Tuesday, May 6, 2008

Today was a sad day in our house. We said goodbye to an old friend. It was the fault of the wind! Certainly the most powerful wind that I have ever experienced. We live in Cape Town after all and the wind blows here, sometimes! Last night it really blew. We are used to gale force winds but this was different. Last night, lying in my bed, pretending to sleep, I could hear the next gust coming. It started as a distant roar that just continued to increase in volume until it hit the house. The house did not rock but it might as well have. The windows were ripped open and banged closed, doors threatened to burst open and let in the fury from outside, roof tiles shattered and bashed themselves to bits on other roof tiles and the garden was whipped into a frenzy! And then it was just a normal gale force wind again.
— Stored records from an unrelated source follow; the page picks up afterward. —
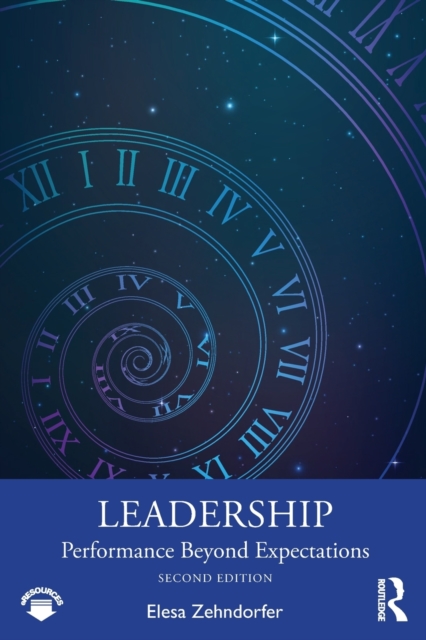 Leadership : Performance Beyond Expectations, Paperback / softback Book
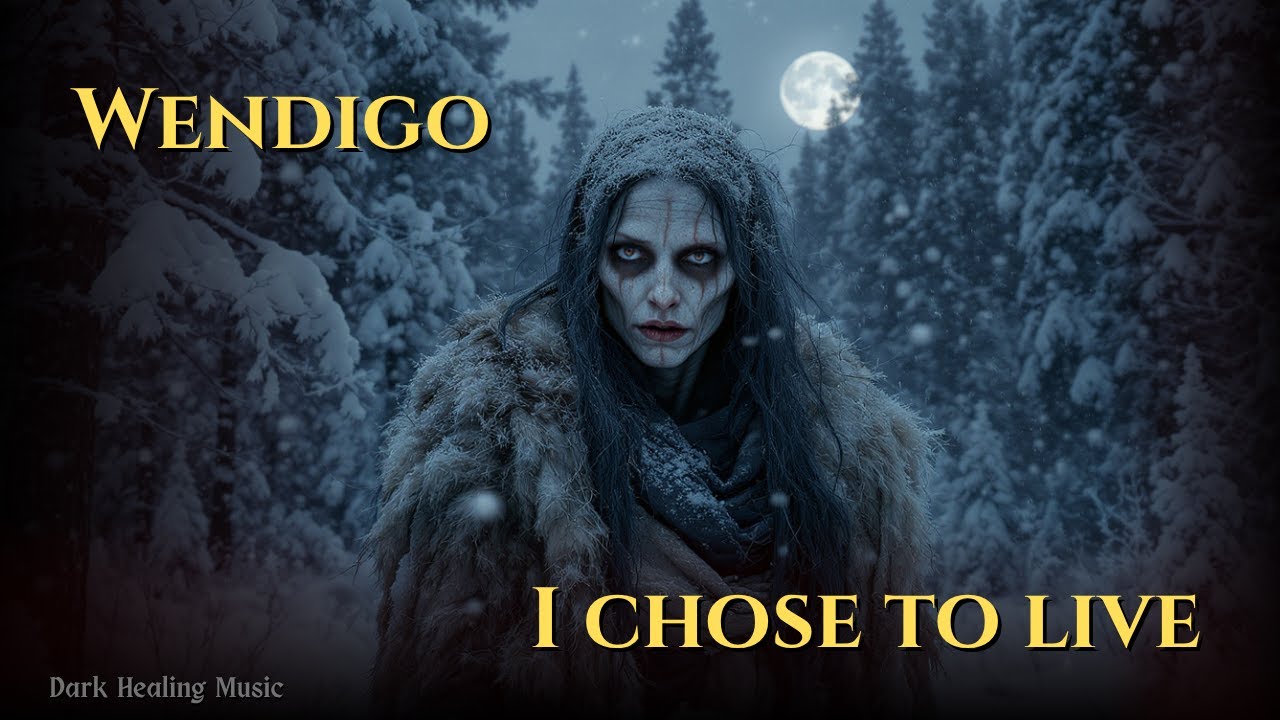 I Chose To Live | Wendigo Dark Healing Music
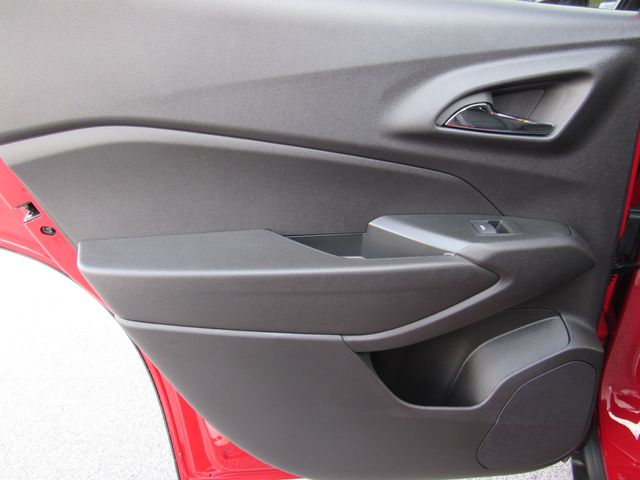 2026 Chevrolet Trax LT:45205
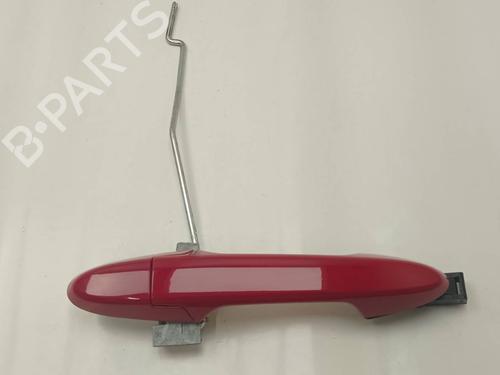 Used Front left exterior door handle Front left exterior door handle 37402220 37402220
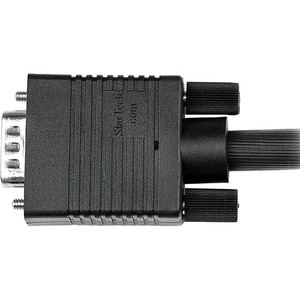 StarTech.com 5m Coax High Resolution Monitor VGA Video Cable - HD15 to HD15 M/M - 5m VGA Cable - HD15 to HD15 Cable - Cabl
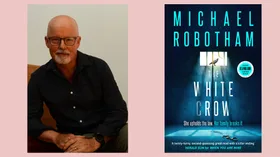 The White Crow by Michael Robotham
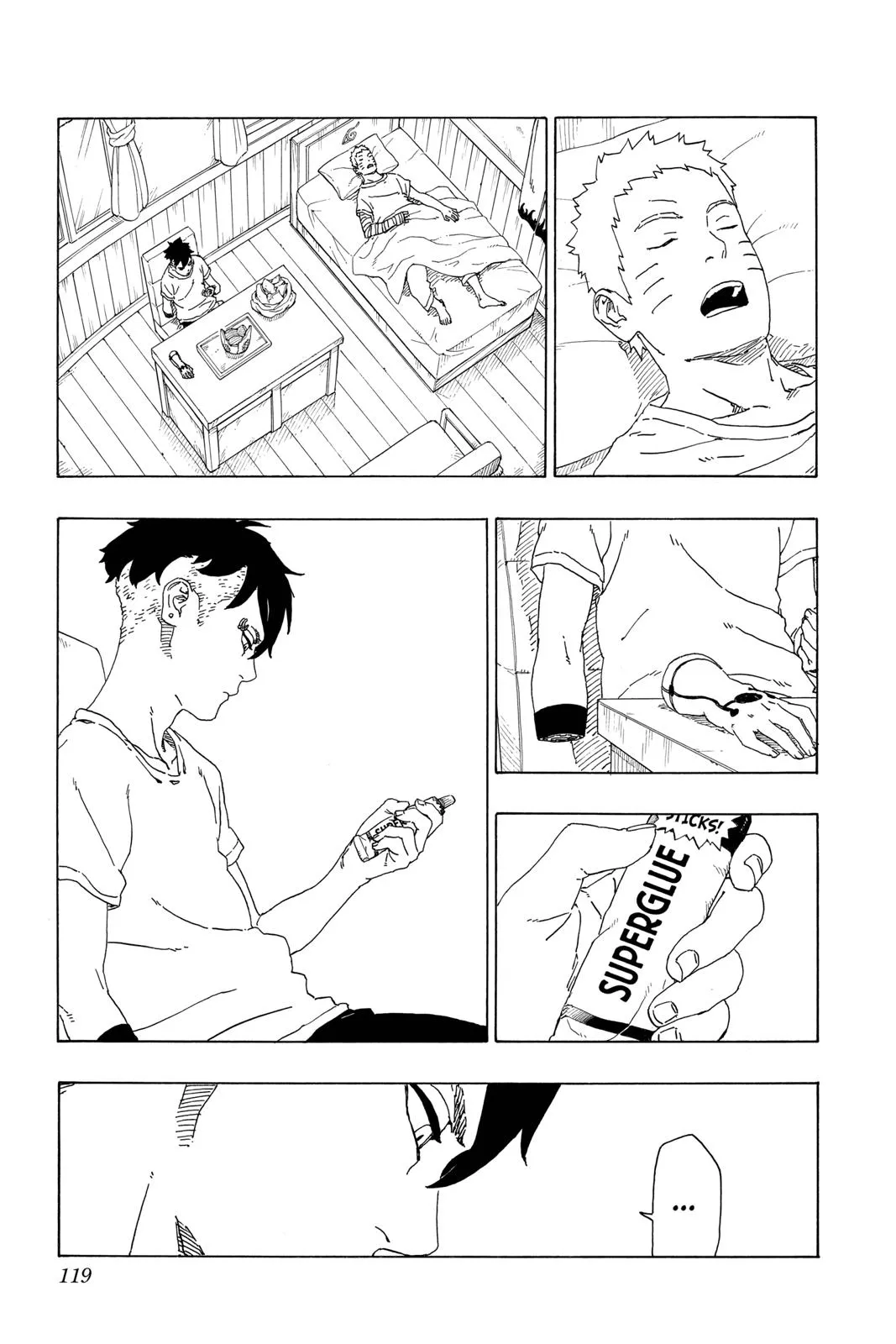 Read Boruto Naruto Next Generations Manga Online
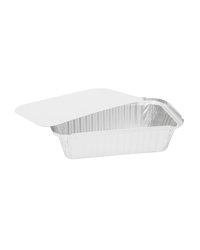Форма алюминиевая 205x117x46мм 685мл R43L (х100/600)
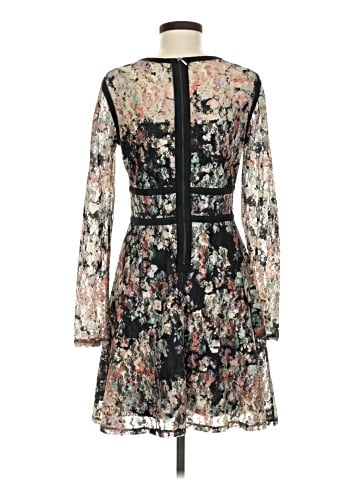 Xhilaration Cocktail Dress (view 2)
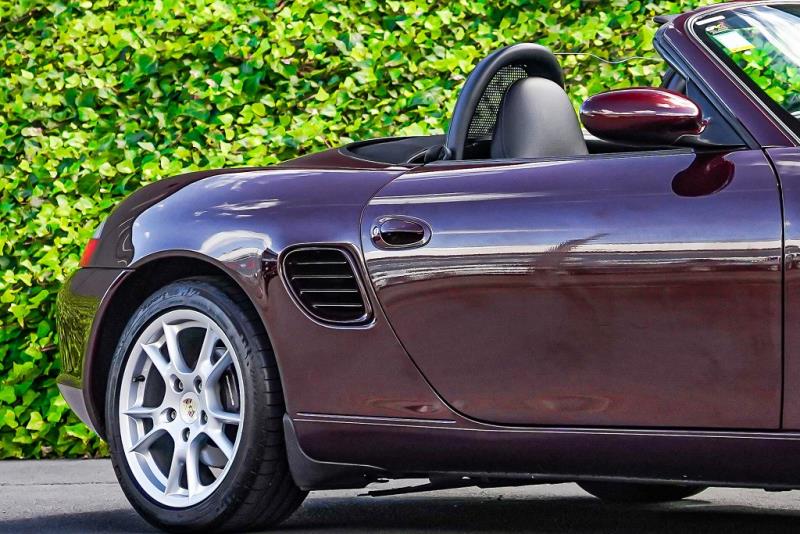 2004 Porsche Boxster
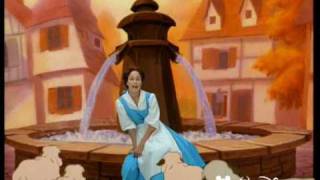 Disneys Die Schöne und das Biest  Belle  Sing ne Geschichte German [upl. by Ille519]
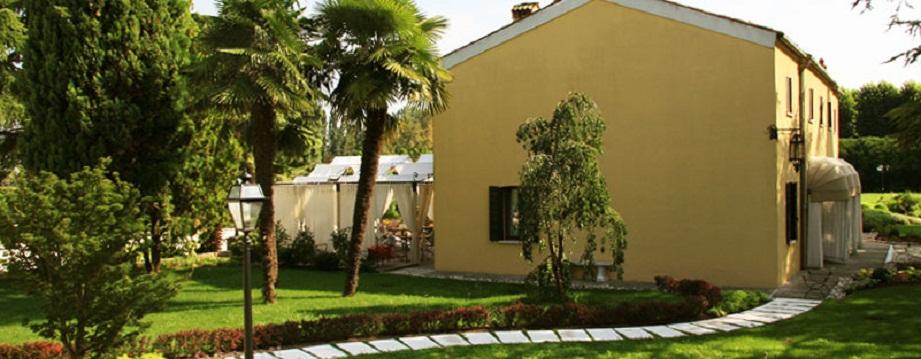 Hotel La Rescossa ミーラ エクステリア 写真
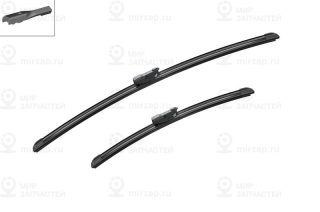 Щетка стеклоочистителя BOSCH 3397014138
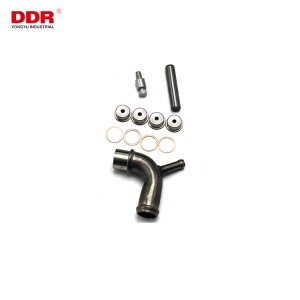 WL Aluminum cylinder head WL1110100E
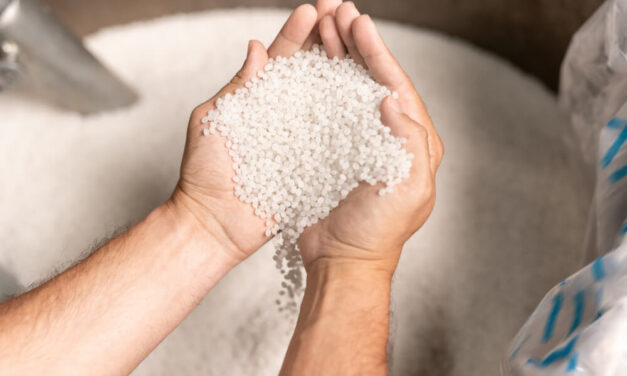 Polymer Profits: A High-Value Plastics Stock With Momentum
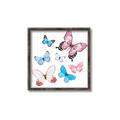 Picture of Fly Along _GroupedProduct_Square_Mini_ _GroupedProduct_Square_Canvas_Framed_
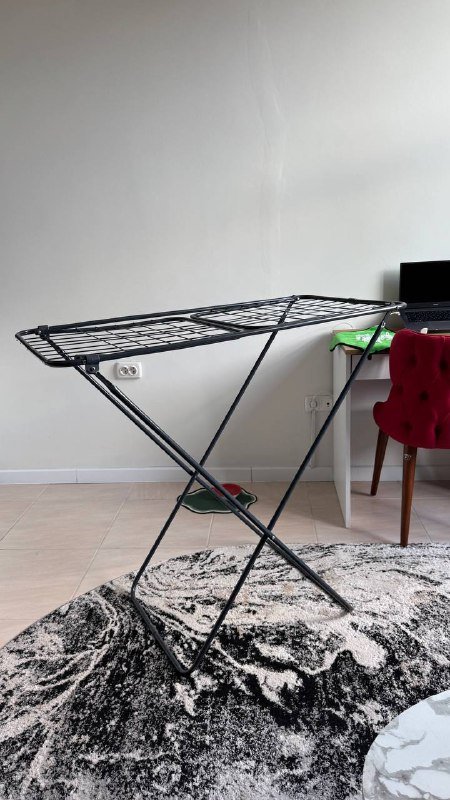 Подсвечники, сушилка, кресло качалка 2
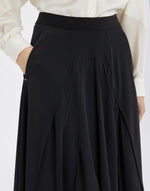 Load image into Gallery viewer, Subtle black skirt
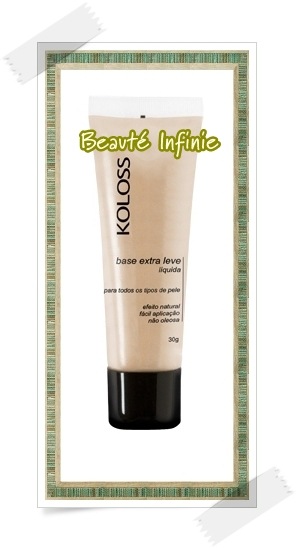 base extra leve koloss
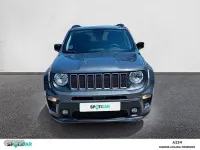 Usado Jeep Renegade Limited 130 CV (95 kW) 2024 Gris SUV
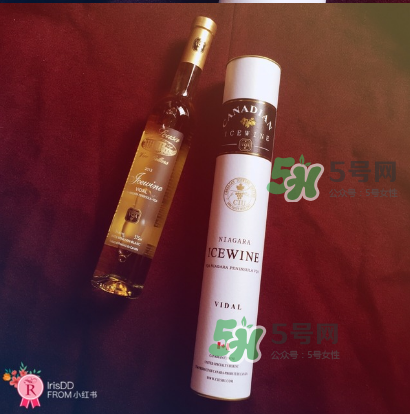 加拿大冰酒多少錢一瓶？加拿大冰酒價格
Neighbours up the road told us that they lay in bed wondering not if but when they would see the stars as they imagined their roof being ripped off. Worse still, they had just days before cancelled their house insurance. Other neighbours worried about a dead tree in the farm next door and wondered if they would see it visiting them in their bedroom.

I slept little after two in the morning. At one stage I got up and went outside where I held onto the deck in between windy gusts. My plan was to save the outdoor umbrella but found it already downed on its side. I rose just after five o clock and looked out of the windows. I was greeted by an old friend lying upside down on my driveway. He had been neatly ripped into two parts. And so I found myself in my driveway in the dark and the rain sawing one of his parts into bits just so that my wife could get her car out of the garage. All that was left of my large stinkwood tree was a shattered stump.

The violence of the wind last night was awesome. My tree was not the only one that went down. A willow was split in half across the road and the dead tree fell the other way in the farm. Lying in my bed last night, I wondered how terrible it must feel to sit through a tropical cyclone or a hurricane. Knowing that your stuff is being ripped to shreds and possibly being posted to another state. You just have to wonder about the terror that people in Myanmar felt as a cyclone ripped their lives apart this weekend.

Later this morning I watched as a fat rock pigeon sat on the broken stump. He lost his home last night and now knew not what to do.